- GOAL OF THE EXERCISE -
Go through the entries below and print, exactly, the lines starting at the one with "3D tiskařská sada" and ending at the one with "Počela izgradnja kružnog", keeping both ends and no others.

- RECORDS FOR THE EXERCISE -
--

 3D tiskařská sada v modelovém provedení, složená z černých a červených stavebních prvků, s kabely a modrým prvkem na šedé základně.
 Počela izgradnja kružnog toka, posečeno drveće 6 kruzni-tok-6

--

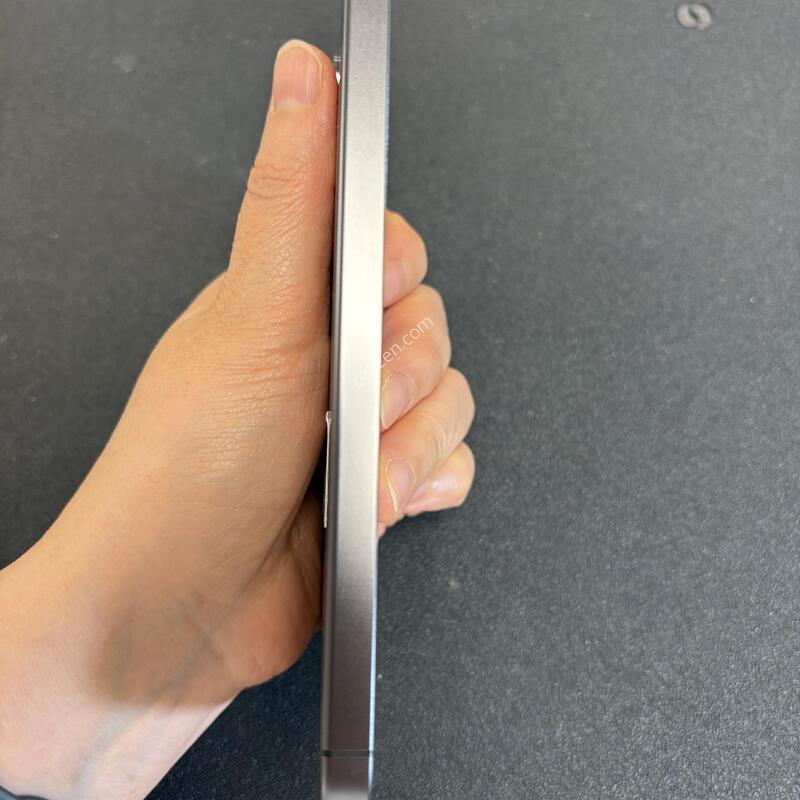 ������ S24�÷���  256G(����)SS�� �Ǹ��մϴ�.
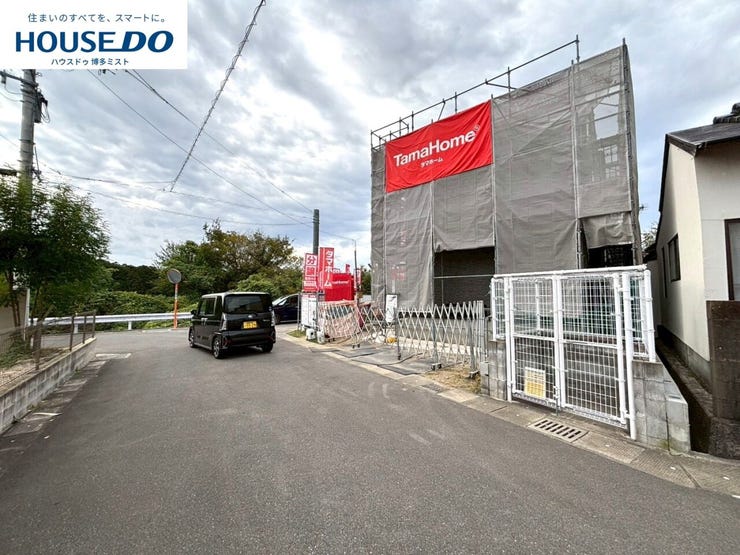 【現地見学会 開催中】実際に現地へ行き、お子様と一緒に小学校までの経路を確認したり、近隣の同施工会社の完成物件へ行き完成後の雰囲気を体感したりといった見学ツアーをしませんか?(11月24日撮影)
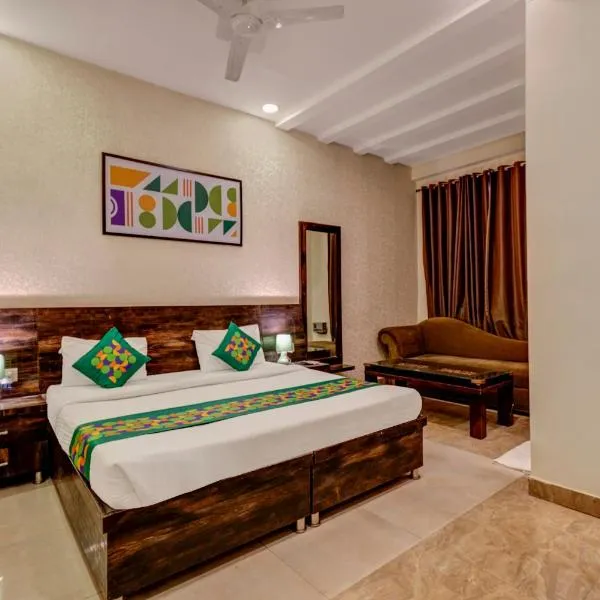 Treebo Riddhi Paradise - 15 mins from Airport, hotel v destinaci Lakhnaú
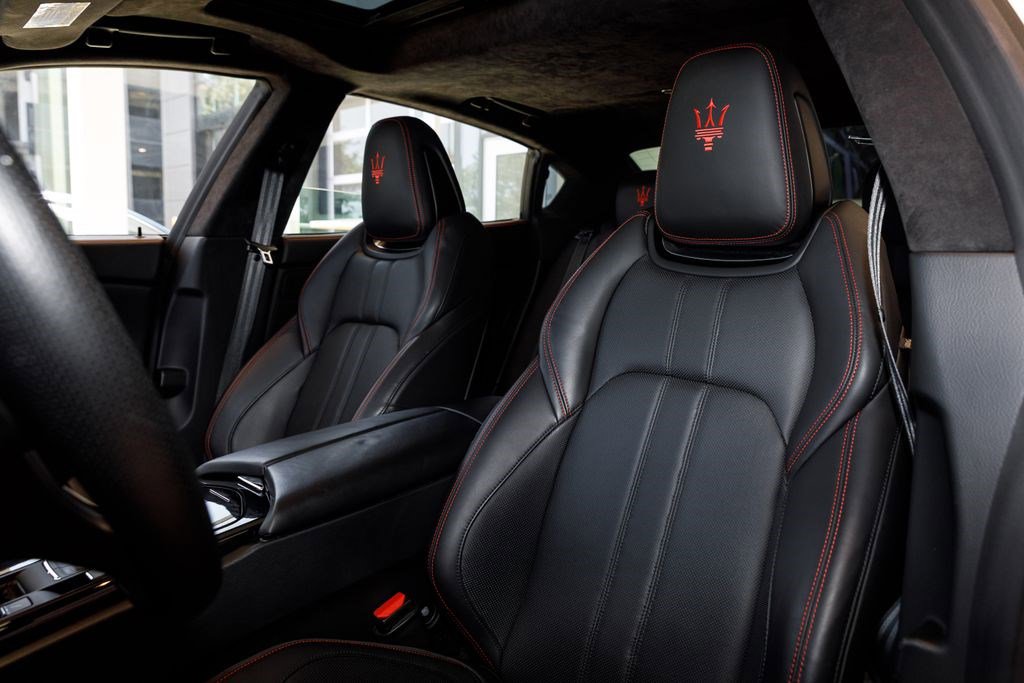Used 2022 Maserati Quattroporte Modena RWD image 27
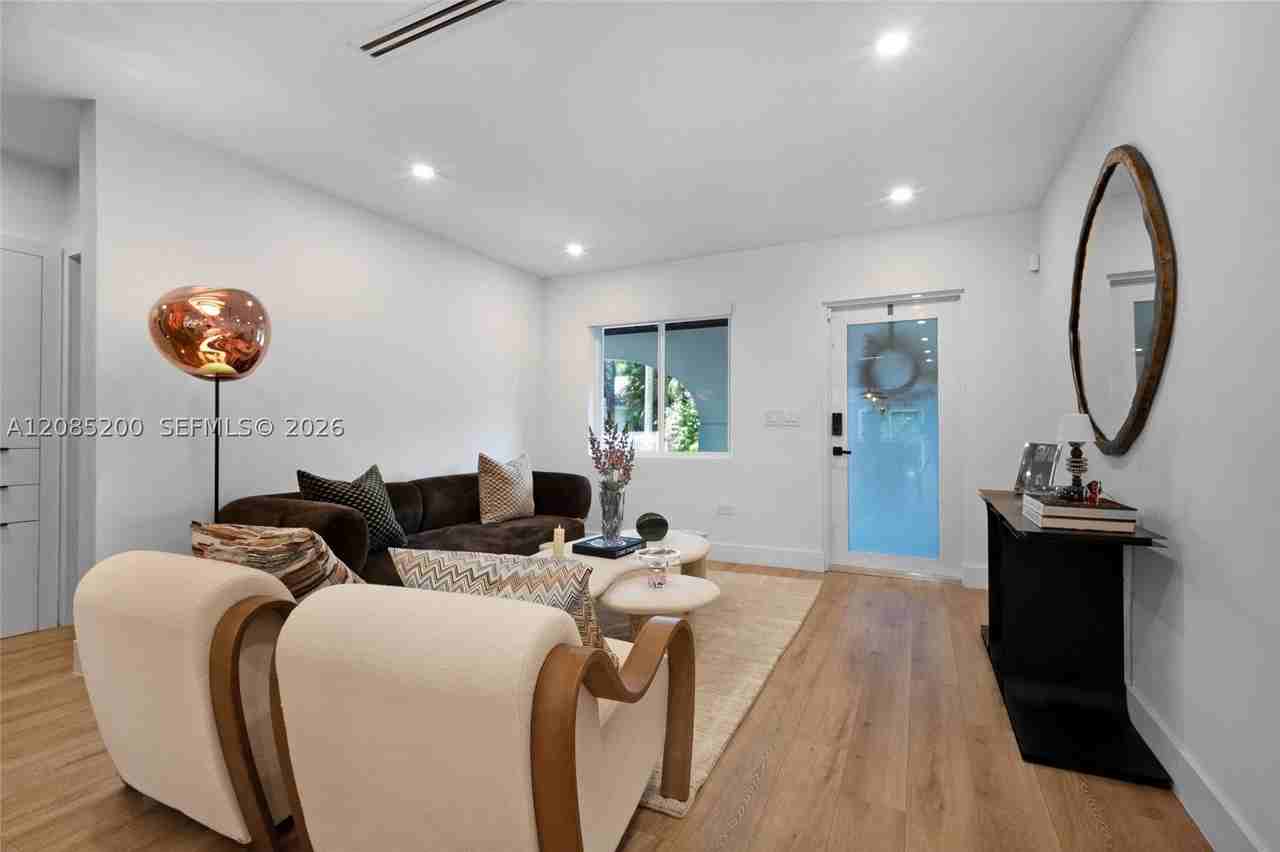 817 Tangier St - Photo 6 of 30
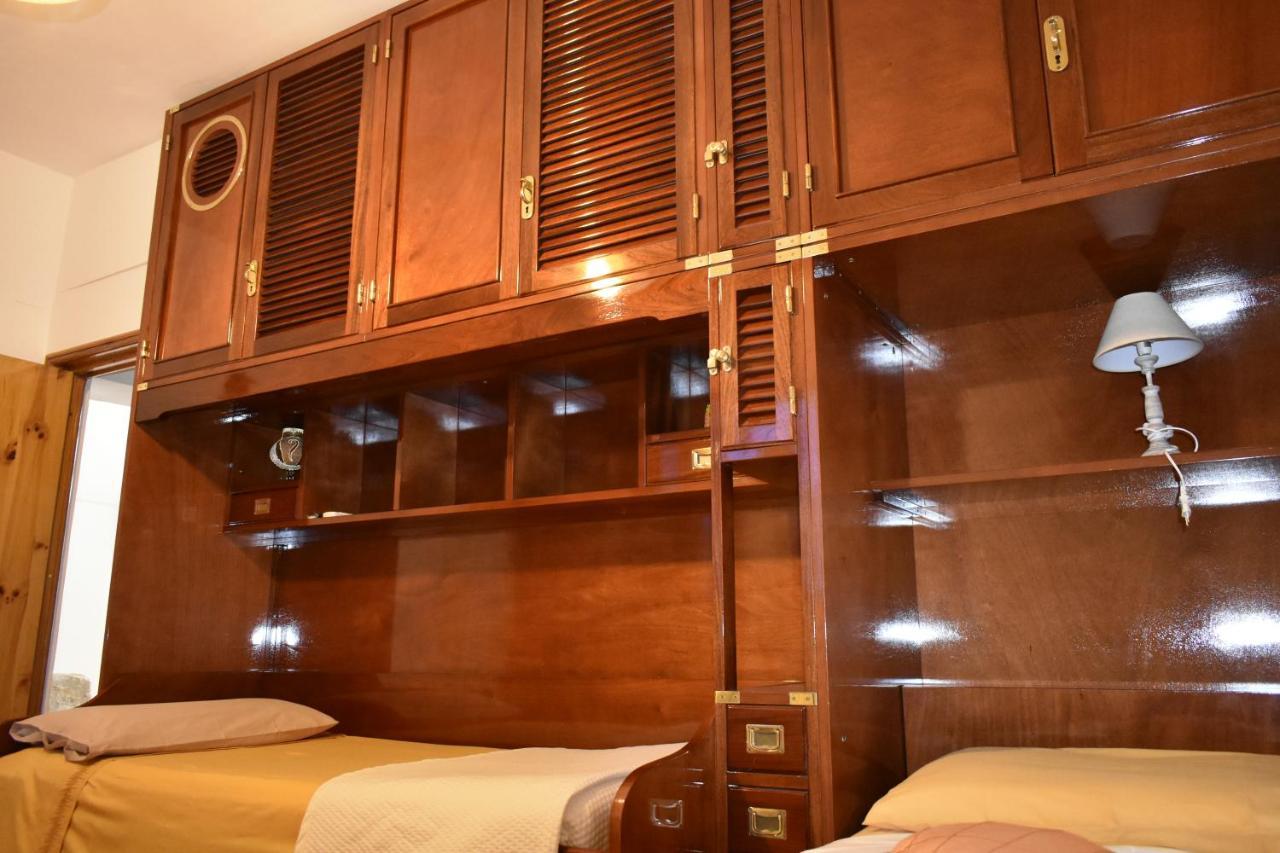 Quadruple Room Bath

--

- SOLUTION TO THE PROBLEM -
 3D tiskařská sada v modelovém provedení, složená z černých a červených stavebních prvků, s kabely a modrým prvkem na šedé základně.
 Počela izgradnja kružnog toka, posečeno drveće 6 kruzni-tok-6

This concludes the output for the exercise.